What is expected >> Write out exactly the lines below starting at the one containing "Fluke of HIHWNMS-2013-2-7_G4_A2" and ending at the one containing "செம்மஞ்சேரி மீன் மார்க்கெட்". Omit every picture.

Record excerpts >>
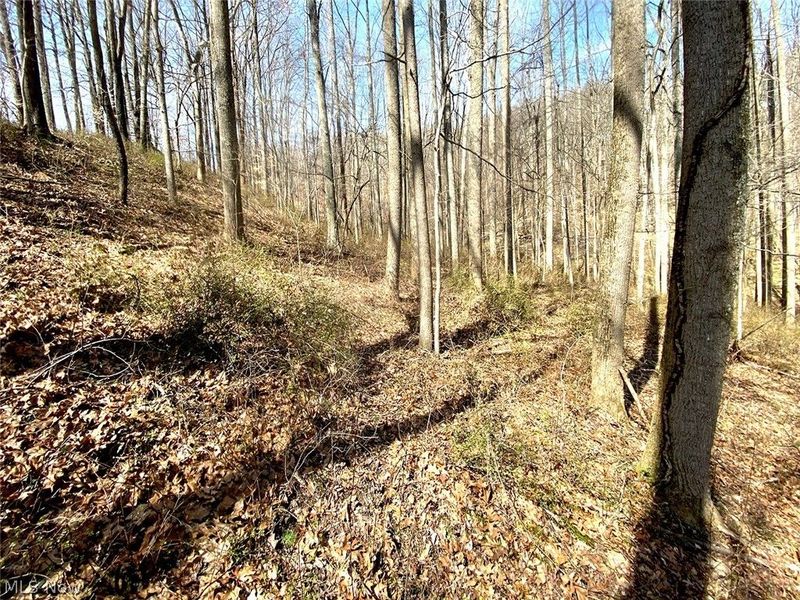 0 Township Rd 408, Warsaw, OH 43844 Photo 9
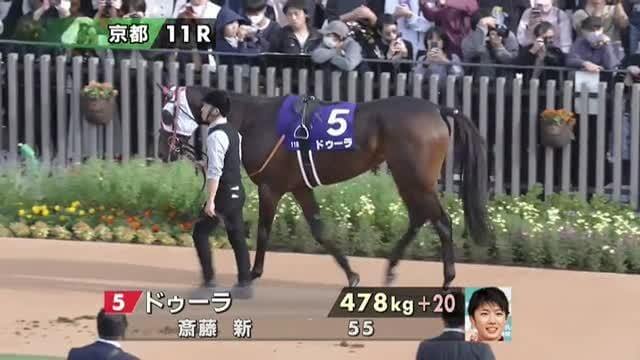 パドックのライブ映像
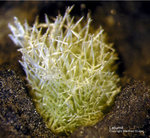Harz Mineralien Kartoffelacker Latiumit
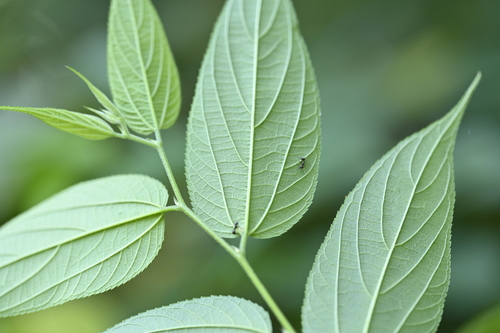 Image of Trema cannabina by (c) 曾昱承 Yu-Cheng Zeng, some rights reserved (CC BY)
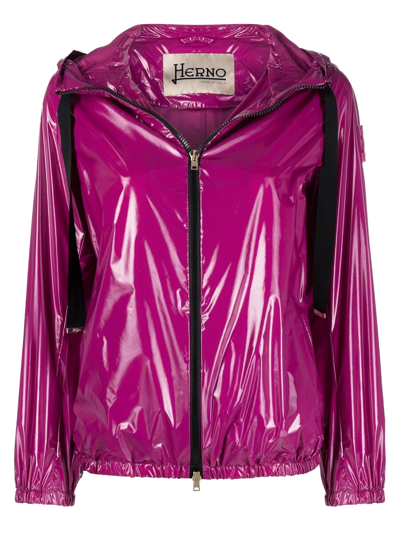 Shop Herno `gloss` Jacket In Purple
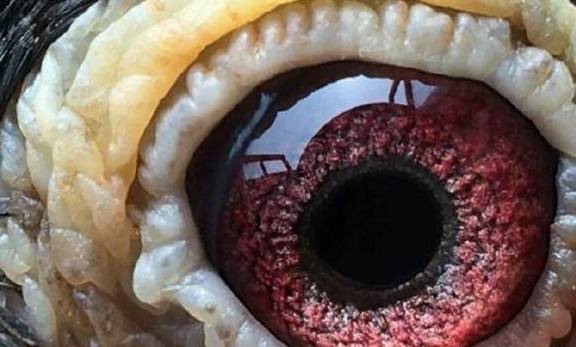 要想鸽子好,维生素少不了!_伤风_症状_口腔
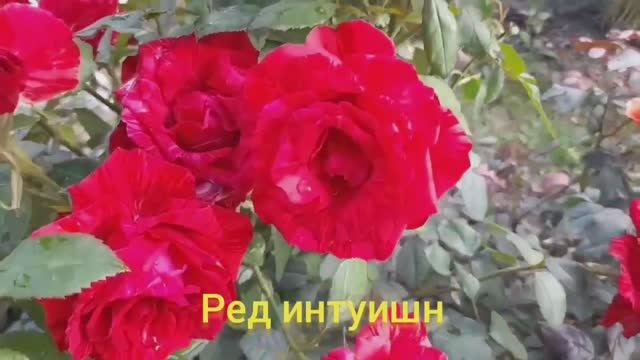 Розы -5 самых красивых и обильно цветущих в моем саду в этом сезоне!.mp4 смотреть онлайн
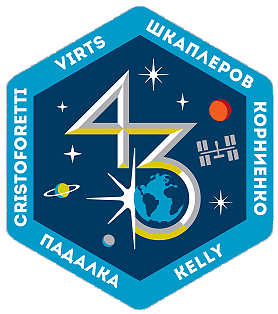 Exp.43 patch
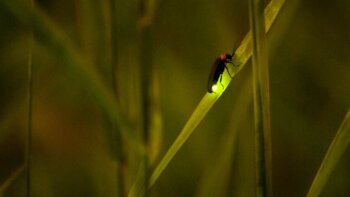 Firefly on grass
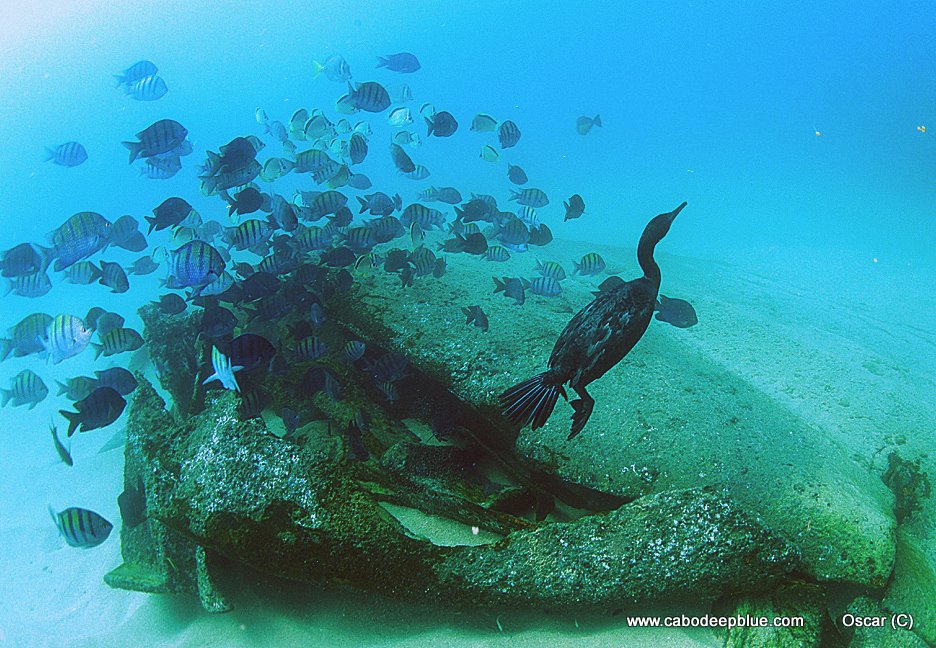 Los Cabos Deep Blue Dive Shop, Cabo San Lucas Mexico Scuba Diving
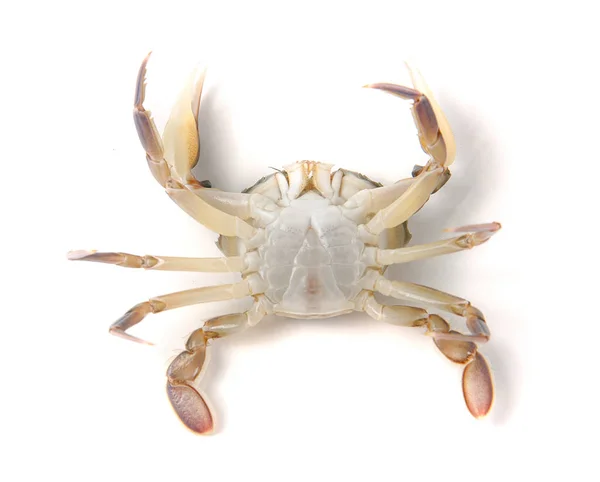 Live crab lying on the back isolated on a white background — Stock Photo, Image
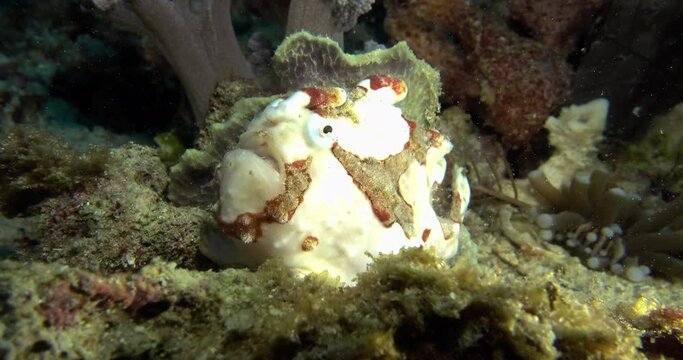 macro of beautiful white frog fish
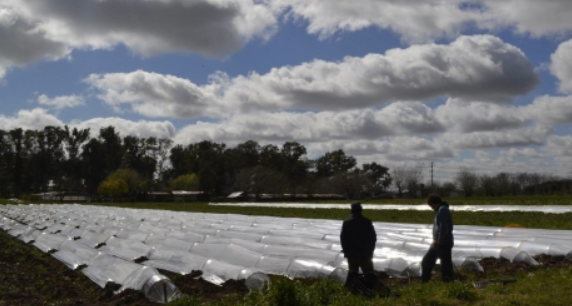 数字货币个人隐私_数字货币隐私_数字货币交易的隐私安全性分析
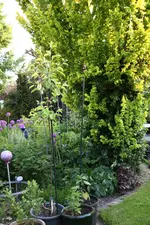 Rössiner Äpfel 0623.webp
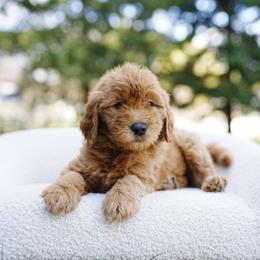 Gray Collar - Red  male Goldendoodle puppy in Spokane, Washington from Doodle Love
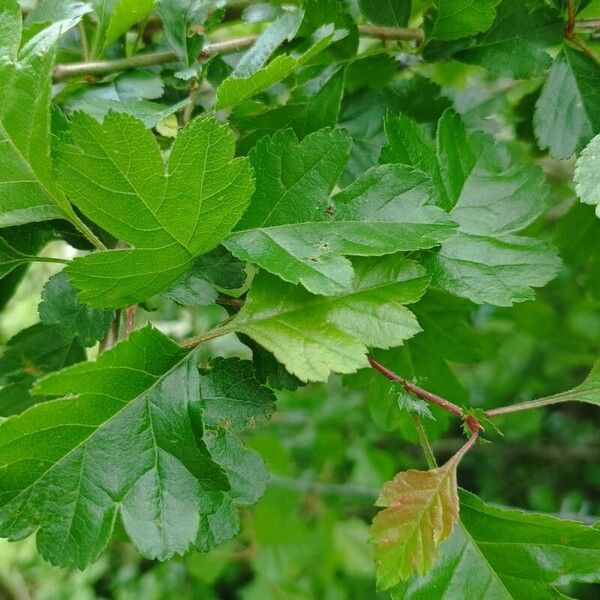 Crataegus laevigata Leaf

* * *

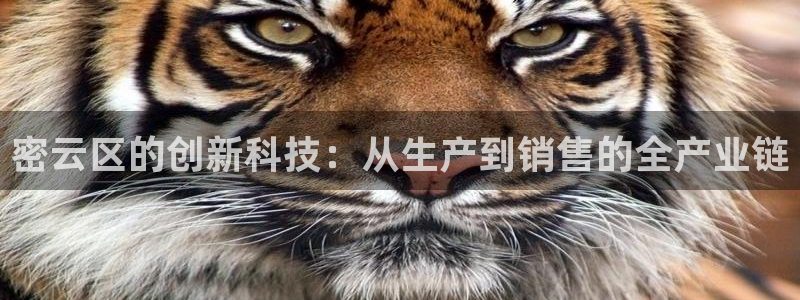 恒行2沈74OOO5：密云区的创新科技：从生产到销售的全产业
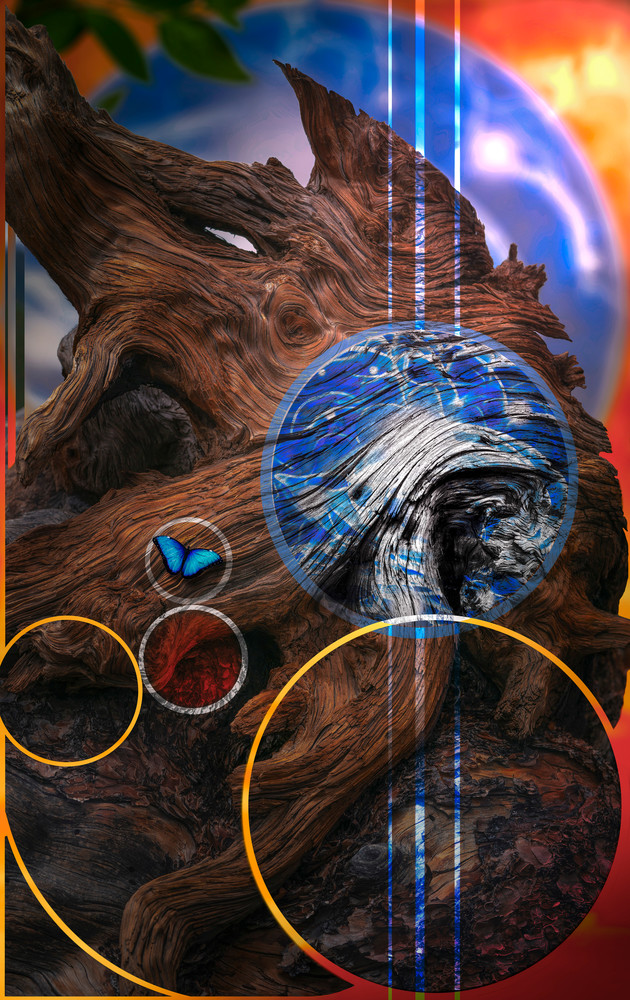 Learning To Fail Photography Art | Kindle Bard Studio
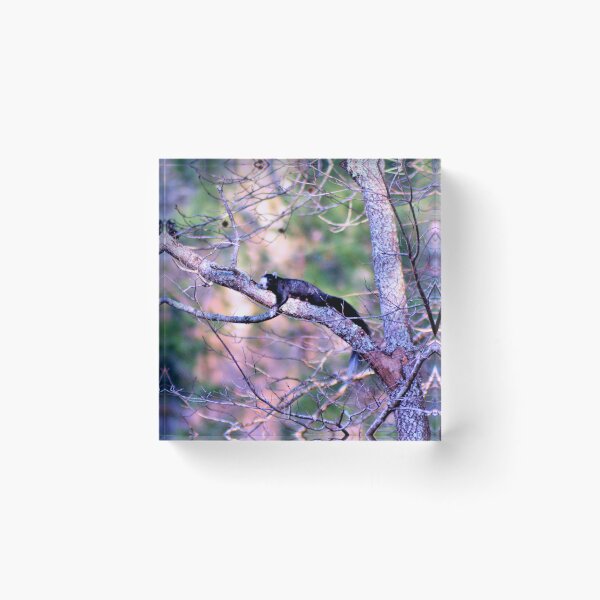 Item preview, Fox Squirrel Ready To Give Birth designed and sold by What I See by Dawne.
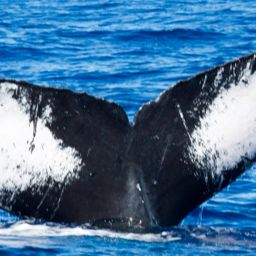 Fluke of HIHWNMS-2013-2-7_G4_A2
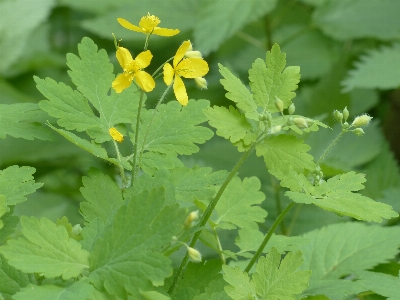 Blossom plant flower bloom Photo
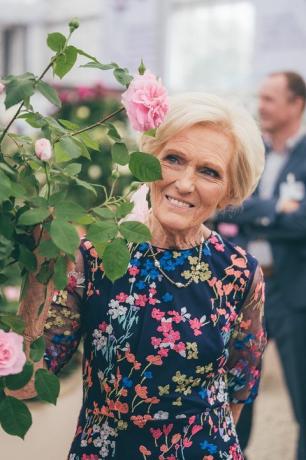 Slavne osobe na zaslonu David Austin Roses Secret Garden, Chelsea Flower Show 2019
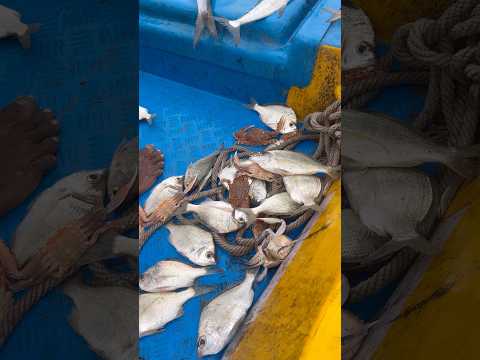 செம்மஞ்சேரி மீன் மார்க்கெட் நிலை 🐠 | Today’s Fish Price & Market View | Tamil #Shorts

* * *

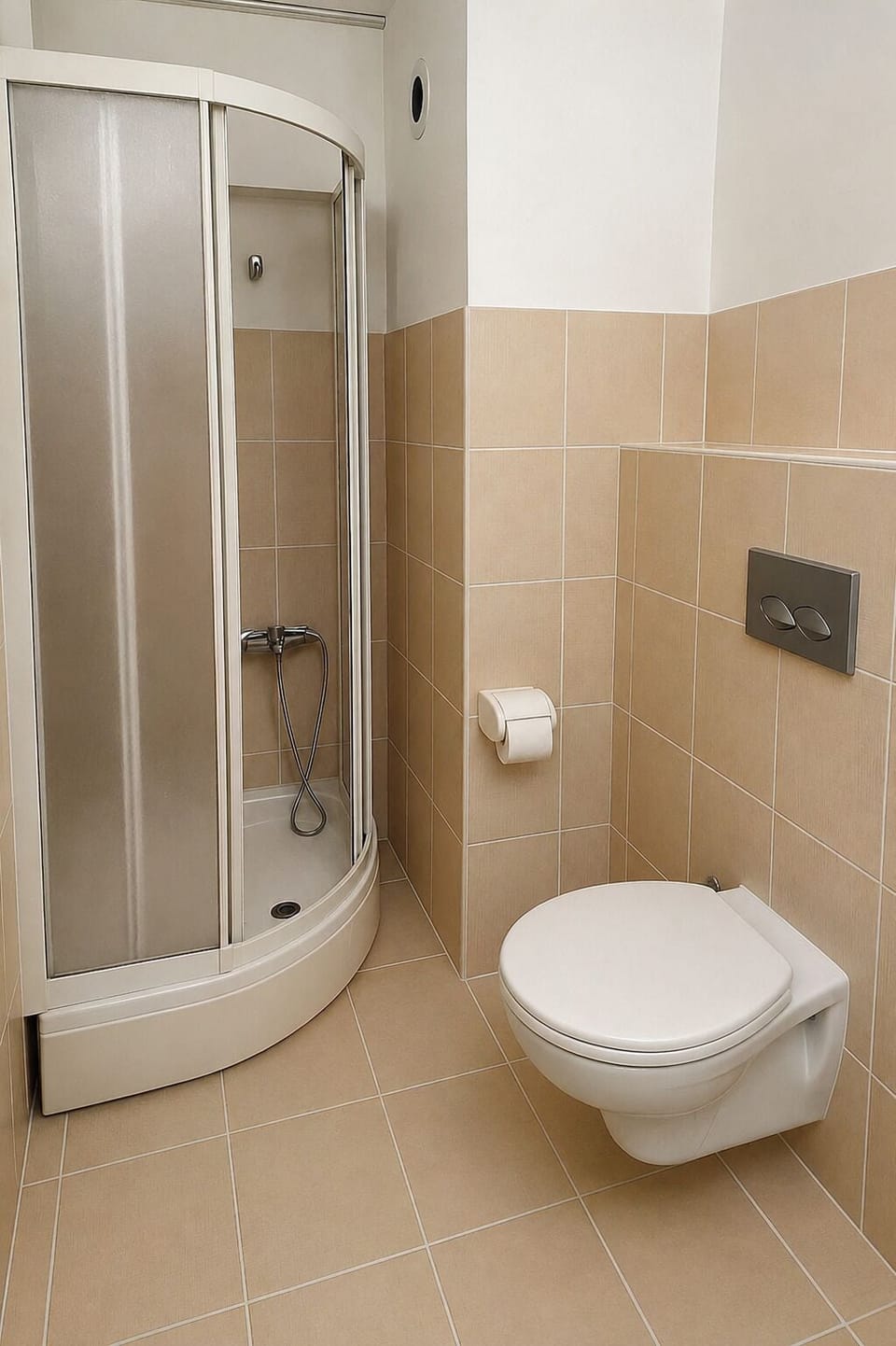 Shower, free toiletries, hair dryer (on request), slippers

Written answer >>
 Fluke of HIHWNMS-2013-2-7_G4_A2
 Blossom plant flower bloom Photo
 Slavne osobe na zaslonu David Austin Roses Secret Garden, Chelsea Flower Show 2019
 செம்மஞ்சேரி மீன் மார்க்கெட் நிலை 🐠 | Today’s Fish Price & Market View | Tamil #Shorts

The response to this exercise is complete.